The lead headline on www.InnovationInInsurance.com today is that mid-sized offshore IT-outsourcer Majesco Mastek is getting out of the BPO (business process outsourcing) business. (The firm is known as Majesco Mastek in the U.S. but simply as Mastek in its home country of India.)
The firm’s CFO R.S. Desikan explained that while their BPO business was not losing money, it could not achieve the margins nor the revenue growth rates of its core business. Majesco Mastek has about 4,000 employees and growth in revenue per employee is an important metric by which they manage.

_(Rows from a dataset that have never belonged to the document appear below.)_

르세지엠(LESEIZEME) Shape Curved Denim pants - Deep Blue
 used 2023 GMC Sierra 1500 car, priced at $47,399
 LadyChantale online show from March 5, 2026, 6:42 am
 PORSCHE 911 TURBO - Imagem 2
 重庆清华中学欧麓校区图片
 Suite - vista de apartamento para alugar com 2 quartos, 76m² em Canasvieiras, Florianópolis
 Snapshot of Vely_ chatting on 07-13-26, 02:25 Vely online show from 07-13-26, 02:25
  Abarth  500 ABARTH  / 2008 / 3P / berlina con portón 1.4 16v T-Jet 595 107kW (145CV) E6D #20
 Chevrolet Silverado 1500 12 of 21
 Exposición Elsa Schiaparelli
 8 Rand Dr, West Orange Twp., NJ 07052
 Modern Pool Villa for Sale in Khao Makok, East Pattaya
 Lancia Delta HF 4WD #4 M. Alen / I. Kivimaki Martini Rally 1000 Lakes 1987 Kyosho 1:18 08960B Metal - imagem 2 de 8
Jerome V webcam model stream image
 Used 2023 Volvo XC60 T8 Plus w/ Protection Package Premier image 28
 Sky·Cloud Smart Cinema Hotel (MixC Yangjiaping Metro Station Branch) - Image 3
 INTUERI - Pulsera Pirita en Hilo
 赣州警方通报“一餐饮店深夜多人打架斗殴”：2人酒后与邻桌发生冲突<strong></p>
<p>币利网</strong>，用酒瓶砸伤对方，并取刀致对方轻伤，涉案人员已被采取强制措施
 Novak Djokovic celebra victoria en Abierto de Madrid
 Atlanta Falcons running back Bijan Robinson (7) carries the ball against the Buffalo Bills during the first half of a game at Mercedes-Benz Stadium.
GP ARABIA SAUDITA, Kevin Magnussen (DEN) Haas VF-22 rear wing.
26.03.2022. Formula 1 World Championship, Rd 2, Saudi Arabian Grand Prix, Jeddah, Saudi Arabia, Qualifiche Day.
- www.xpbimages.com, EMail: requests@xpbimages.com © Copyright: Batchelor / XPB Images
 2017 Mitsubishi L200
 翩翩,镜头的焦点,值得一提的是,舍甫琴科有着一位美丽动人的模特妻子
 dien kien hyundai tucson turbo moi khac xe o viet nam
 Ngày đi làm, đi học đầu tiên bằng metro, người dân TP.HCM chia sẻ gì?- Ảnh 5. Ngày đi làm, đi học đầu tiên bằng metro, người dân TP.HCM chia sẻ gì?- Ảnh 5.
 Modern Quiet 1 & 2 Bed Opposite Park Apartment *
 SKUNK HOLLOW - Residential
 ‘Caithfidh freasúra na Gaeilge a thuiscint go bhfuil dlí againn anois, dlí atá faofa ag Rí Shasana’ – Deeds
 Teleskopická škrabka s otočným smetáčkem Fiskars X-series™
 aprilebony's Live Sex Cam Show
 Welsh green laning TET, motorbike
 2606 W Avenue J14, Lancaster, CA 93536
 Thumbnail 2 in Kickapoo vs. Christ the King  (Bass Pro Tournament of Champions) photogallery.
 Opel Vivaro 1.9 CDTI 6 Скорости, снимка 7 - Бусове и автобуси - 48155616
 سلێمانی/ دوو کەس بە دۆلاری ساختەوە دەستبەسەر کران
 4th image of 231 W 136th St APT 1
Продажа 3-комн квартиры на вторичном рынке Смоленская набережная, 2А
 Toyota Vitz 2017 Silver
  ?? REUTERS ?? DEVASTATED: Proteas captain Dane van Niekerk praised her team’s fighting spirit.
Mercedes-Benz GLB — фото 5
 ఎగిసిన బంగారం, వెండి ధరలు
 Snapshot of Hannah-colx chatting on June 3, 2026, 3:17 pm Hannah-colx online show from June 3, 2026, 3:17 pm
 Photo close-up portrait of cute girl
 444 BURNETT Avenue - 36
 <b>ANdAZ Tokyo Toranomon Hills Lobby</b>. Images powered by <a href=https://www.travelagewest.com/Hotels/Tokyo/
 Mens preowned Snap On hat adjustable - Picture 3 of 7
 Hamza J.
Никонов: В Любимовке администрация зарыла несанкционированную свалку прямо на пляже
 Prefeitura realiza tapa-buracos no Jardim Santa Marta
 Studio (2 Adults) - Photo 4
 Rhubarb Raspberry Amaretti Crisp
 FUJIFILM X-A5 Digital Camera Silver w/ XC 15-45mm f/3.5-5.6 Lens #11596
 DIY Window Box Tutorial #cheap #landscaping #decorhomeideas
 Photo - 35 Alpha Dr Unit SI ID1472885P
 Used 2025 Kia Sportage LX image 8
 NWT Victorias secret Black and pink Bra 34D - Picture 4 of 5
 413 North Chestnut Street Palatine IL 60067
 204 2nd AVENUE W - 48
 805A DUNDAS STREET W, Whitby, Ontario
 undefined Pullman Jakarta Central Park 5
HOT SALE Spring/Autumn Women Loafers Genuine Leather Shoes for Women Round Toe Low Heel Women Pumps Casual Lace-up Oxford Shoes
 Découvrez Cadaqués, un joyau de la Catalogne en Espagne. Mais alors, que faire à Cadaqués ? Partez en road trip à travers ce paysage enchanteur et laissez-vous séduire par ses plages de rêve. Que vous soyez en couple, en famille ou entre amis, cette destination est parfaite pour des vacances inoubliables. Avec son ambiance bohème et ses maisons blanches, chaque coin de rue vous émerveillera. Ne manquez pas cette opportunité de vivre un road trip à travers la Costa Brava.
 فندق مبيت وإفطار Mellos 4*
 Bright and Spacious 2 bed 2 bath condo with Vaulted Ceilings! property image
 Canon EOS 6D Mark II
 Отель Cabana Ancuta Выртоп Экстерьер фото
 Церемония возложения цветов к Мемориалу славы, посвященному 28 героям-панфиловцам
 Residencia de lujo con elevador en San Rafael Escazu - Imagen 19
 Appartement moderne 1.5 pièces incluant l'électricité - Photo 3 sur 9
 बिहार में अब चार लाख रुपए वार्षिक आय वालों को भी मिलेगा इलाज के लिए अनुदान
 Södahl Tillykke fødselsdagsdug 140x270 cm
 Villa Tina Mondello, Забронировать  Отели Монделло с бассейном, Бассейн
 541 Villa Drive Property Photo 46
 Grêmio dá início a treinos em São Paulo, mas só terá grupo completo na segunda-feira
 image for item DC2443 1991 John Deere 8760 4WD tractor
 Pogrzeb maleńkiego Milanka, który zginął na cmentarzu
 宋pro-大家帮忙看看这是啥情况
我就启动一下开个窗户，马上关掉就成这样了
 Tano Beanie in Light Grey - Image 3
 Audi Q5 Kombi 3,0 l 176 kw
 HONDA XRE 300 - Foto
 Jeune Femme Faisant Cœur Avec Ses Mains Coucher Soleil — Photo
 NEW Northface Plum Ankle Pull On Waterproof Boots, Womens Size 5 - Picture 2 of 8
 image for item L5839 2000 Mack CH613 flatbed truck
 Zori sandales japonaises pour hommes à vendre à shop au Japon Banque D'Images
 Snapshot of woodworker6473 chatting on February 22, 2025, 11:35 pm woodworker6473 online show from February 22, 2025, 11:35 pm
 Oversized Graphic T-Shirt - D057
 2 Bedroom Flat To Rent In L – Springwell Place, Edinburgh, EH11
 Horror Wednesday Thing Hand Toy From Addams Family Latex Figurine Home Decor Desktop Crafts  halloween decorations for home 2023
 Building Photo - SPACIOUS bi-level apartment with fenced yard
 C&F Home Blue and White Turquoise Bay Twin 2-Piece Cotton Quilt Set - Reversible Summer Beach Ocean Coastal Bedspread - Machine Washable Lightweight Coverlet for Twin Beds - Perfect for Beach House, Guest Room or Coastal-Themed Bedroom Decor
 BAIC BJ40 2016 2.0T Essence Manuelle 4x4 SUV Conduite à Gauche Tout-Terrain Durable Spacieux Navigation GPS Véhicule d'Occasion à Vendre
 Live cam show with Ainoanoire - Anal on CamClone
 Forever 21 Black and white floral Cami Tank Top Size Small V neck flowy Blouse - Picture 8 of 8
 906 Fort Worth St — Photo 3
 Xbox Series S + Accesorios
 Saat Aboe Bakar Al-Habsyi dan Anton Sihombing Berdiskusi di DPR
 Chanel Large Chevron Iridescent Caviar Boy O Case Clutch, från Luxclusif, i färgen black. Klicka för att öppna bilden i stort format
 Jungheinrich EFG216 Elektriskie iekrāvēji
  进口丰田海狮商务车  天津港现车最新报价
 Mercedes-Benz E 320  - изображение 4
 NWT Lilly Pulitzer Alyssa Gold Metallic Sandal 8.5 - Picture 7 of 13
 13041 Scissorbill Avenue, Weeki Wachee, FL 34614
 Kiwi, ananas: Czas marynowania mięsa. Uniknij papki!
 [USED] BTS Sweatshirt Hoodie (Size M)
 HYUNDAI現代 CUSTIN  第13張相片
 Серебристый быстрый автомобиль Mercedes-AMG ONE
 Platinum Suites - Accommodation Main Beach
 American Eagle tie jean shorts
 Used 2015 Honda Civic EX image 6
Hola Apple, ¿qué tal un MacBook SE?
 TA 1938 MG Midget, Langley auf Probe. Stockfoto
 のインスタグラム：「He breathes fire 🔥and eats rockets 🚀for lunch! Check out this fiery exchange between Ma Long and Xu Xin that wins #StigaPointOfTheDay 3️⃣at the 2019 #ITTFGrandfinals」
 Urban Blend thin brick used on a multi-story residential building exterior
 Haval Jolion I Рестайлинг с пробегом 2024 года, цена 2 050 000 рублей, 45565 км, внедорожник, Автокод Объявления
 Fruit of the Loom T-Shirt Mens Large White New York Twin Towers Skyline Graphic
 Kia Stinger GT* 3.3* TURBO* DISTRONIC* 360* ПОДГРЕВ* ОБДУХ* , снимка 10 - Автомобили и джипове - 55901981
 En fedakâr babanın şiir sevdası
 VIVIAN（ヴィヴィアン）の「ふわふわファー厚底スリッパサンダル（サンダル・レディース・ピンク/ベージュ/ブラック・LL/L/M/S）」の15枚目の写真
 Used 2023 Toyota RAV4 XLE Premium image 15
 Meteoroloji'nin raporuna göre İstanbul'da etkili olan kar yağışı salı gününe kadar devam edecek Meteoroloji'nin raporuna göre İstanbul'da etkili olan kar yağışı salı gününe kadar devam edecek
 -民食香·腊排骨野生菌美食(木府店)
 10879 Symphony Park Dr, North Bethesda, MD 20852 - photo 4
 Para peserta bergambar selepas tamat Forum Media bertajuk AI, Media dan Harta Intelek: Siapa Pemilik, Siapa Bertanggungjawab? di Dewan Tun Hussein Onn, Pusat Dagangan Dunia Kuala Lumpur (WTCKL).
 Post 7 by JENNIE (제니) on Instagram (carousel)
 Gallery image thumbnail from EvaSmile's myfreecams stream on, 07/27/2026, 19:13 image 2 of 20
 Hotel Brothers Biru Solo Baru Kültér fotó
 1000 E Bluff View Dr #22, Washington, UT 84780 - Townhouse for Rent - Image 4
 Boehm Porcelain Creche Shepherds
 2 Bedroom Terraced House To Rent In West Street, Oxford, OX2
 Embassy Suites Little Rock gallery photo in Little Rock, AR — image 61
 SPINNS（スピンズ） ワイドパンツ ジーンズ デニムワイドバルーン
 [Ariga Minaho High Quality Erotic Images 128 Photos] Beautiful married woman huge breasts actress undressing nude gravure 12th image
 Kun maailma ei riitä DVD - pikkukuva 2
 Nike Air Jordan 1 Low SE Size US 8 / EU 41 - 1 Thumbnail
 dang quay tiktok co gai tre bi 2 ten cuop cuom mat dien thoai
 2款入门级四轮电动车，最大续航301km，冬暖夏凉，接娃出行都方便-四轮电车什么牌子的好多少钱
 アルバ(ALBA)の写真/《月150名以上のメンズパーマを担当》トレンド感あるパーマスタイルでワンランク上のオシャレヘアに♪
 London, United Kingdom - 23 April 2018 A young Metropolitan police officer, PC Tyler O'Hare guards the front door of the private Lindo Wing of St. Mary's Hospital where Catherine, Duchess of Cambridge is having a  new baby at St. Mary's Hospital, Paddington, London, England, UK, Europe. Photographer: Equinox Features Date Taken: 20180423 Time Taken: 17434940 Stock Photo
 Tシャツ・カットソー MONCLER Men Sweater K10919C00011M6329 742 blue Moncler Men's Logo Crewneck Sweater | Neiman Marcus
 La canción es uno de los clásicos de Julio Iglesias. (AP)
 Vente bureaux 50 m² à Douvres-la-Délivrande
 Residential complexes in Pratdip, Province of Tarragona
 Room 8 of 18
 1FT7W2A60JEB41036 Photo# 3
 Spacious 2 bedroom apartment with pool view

What does this say about the state of BPO in insurance? It could be that Majesco Mastek was simply not well-suited to this business. Presumably they added the BPO line in the hope that it would produce margins and revenue growth consistent with the rest of its business. Since it did not achieve the desired result after a reasonable period of time, they decided to abandon further efforts. They did report that most of their BPO employees were absorbed into their core operations so it’s good that they could withdraw somewhat painlessly.
An alternate explanation could be that Majesco Mastek was well-suited, executing flawlessly, and the insurance market simply did not need another provider of BPO services. That is, insurers’ needs were being fully met by other providers in the marketplace with capacity for further growth.
A third possible explanation is that while insurance BPO is a logical solution to the administrative limitations of insurers, these insurers are simply not willing to consider such options because they deem them to be disruptive to their traditional operations. That is, they fear the organizational turmoil of employee separation often associated with such broad functional outsourcing. Moreover, these insurers do not yet feel sufficient competitive pressures to accept such offerings as have their counterparts in other vertical industries.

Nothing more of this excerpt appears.